I hurried to the back of the darkened auditorium, to catch a scene from our melodrama “Virtue Always Triumphs.” Between helping with scene changes and curtain pulls, I wanted to watch a favorite scene, but I found myself watching the face of an older lady in the back row, instead. Her seat wasn’t a good one–really, literally, she was sitting in the very back row, in the far corner–and she was sitting with friends with a number of little ones that were wiggling and moving about–but her face was full of happiness as she gazed at the stage. She was not distracted by the sub-par seat, or the wiggling little ones next to her. Every now and then she’d turn to grin at the people with her, and throw her head back and laugh.
Her face was lit up with joy. She was enjoying herself, forgetting whatever troubles she had, for a couple hours at least. I breathed a prayer of thanks to God for letting me be a part of making her smile like that.
She was a stranger to me, but her grinning at our show, laughing at all the right moments, just made my day. As every director knows, there comes a time during the weeks of rehearsals that the jokes lose their humor, and you begin to hope that somebody will find this show entertaining, after all. You as a director are so intent on getting the mechanics just right–the blocking, the gestures, the enunciating, the projecting-and you hope that when the kids get these things right, the magic will occur. You hope that–after all–it will make somebody laugh.
That’s kind of the point of melodrama, after all.
Bryan and I had been pushing our drama kids for months, to get their lines down, to work on their projecting skills, to get their props and costumes to every rehearsal, to enunciate clearly, all for this purpose: so our melodrama would be as good as we could make it for the audience. For without an audience, what is live theatre? In fact, during rehearsals, we always reach a point where Bryan and I look at each other and say “All these kids need is an audience now.” They’re ready to perform.

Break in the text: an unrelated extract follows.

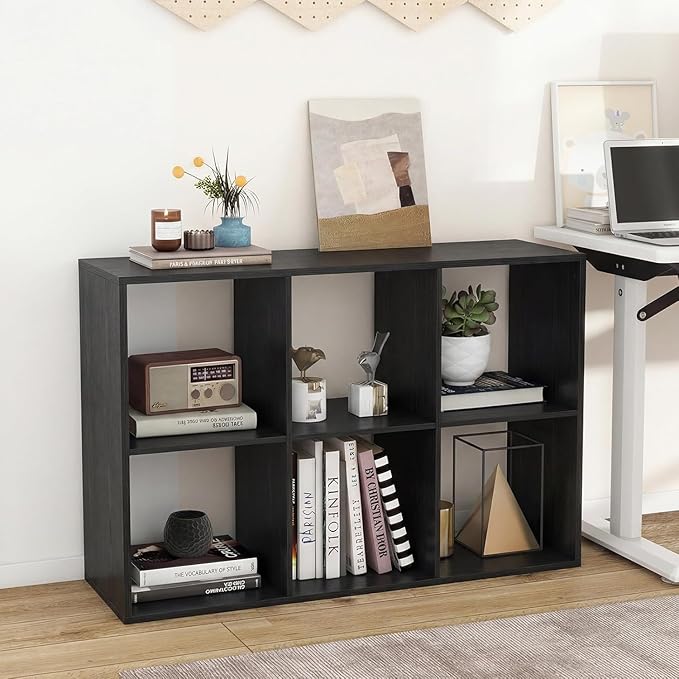 POWERSTONE 6 Cube Storage Organizer Set of 2, 3 Tier Cubby Bookshelf - Image 2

That’s the magic of live theatre, or at least part of the magic. When the show is over, you gather up your belongings and your family and friends and head back home, where your work and your obligations and your troubles and your joys will be waiting for you. But for a few hours, you can forget everything and just enjoy being transported someplace different.
In the case of “Virtue Always Triumphs,” you are transported to the Bowery district of New York City–where sketchiness and sellers of stolen goods and disingenuous creatures and all sorts of vices are being practiced. But all is not lost. There is virtue in this world. The hero, Tyrone Truhart, falls in love with a lovely girl with a past . . . who just happens to stumble into his family’s humble cottage . . .
The lovely young lady, Charity by name, is pursued by an evil villain who knows that she is hiding a secret.
She flees to the city, but her pursuer follows her.
The stalwart hero–of course–puts on his best suit and heads to the city in search of her. He has some help from a gruff, one-legged veteran.
. . . not to mention an Irish woman with a penchant for a dollop of whiskey now and again . . . and a mysterious stranger who pops up time after time . . .
A gang of unsavory types kidnaps the heroine and drags her down to their underground lair.
Where it’s convenient to do a song and dance. 🙂
Meanwhile, Tyrone’s good parents come to the city to search for their son.
They are too good-hearted to recognize that their son is the drunken sop at the other table . . .
But when Tyrone hears that Charity is in trouble, he is instantly sober and charges out to save the woman he loves!
He has a bit of help from his friends, naturally. A hero always has the best friends he can summon.
And of course, it is with great relief that we are reminded that Virtue Always Triumphs in the End. Good triumphs over evil. It is a comfort, is it not, to be reminded of this?
Thanks for looking over my shoulder at my snapshots, Gentle Reader. I hope you have a lovely day.